Limitations and call for contribution!
We are super happy to make this code community-powered, and would love to see how you can best optimize the following:
- current implementation uses the “naive” attention compution (so not really MLA)
- current implementation loops through the experts. This should be replaced. Pointers to use
get_packed_weights
fromintetrations/tensor_parallel
. - current implementation uses the eleuther formula for ROPE, using the orginal one would be more efficient! (should still follow our API)
- static cache is not supported (this should be just a generation config issue / config shape issues)
Usage tips
The model uses Multi-head Latent Attention (MLA) and DeepSeekMoE architectures for efficient inference and cost-effective training. It employs an auxiliary-loss-free strategy for load balancing and multi-token prediction training objective. The model can be used for various language tasks after being pre-trained on 14.8 trillion tokens and going through Supervised Fine-Tuning and Reinforcement Learning stages.
You can run the model in FP8
automatically, using 2 nodes of 8 H100 should be more than enough!
# `run_deepseek_v1.py`
from transformers import AutoModelForCausalLM, AutoTokenizer
import torch
torch.manual_seed(30)
tokenizer = AutoTokenizer.from_pretrained("deepseek-r1")
chat = [
{"role": "user", "content": "Hello, how are you?"},
{"role": "assistant", "content": "I'm doing great.
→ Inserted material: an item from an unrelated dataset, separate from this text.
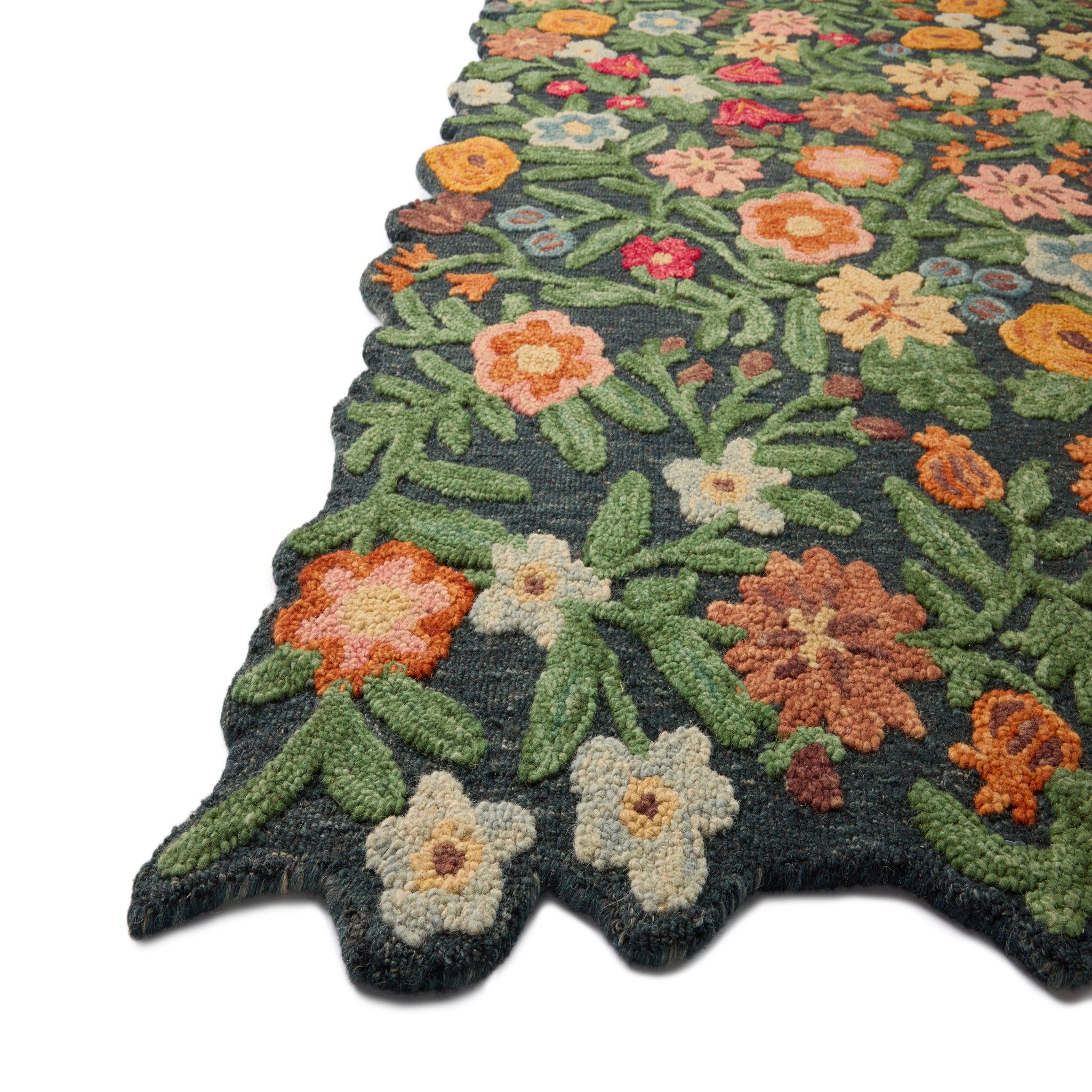 Rifle Paper Co. x Loloi Edith Rug in Navy-Multi-2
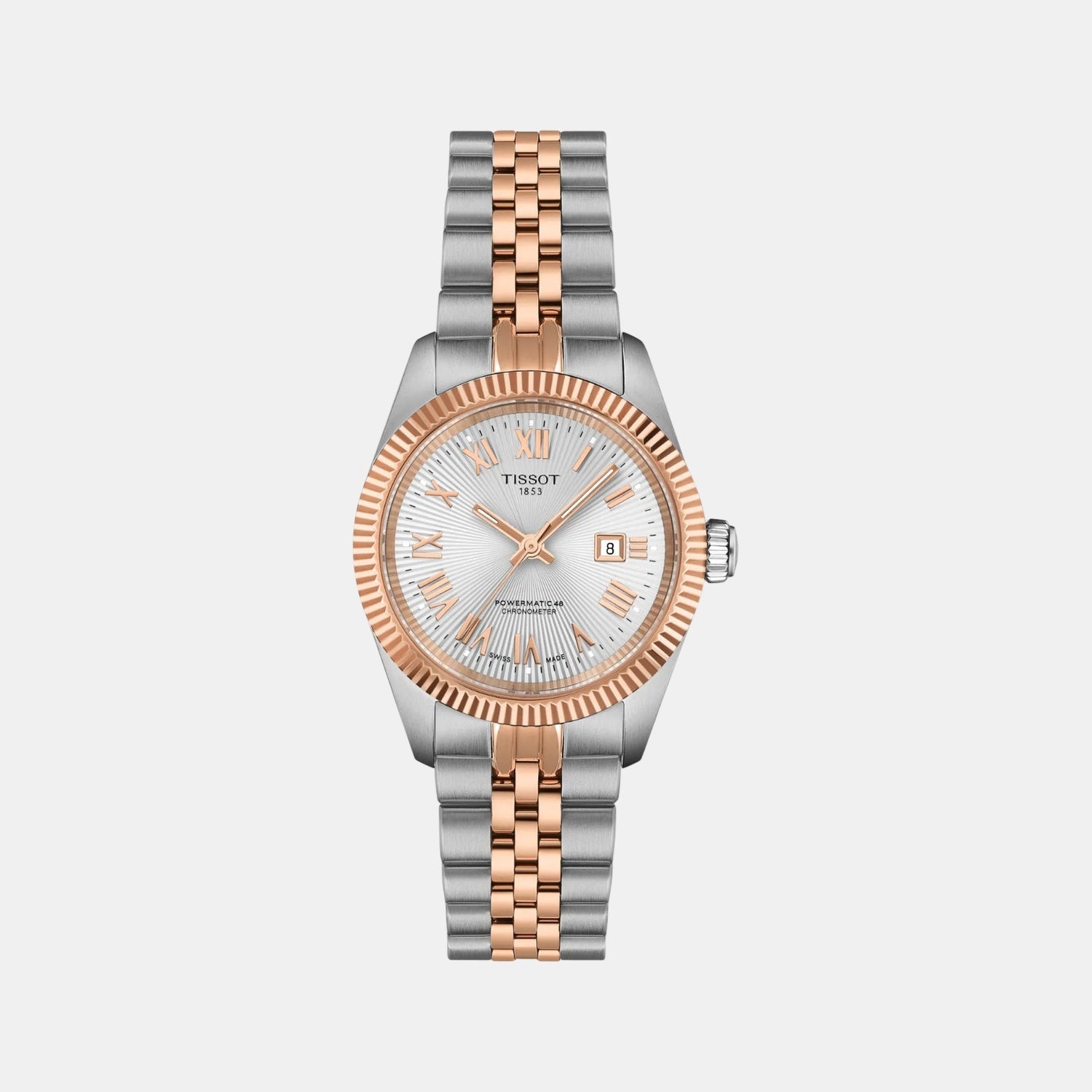 Ballade Women Automatic Silver Dial Analog Stainless Steel Watch T1562082203300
How can I help you today?"},
{"role": "user", "content": "I'd like to show off how chat templating works!"},
]
model = AutoModelForCausalLM.from_pretrained("deepseek-r1", device_map="auto", torch_dtype=torch.bfloat16)
inputs = tokenizer.apply_chat_template(chat, tokenize=True, add_generation_prompt=True, return_tensors="pt").to(model.device)
import time
start = time.time()
outputs = model.generate(inputs, max_new_tokens=50)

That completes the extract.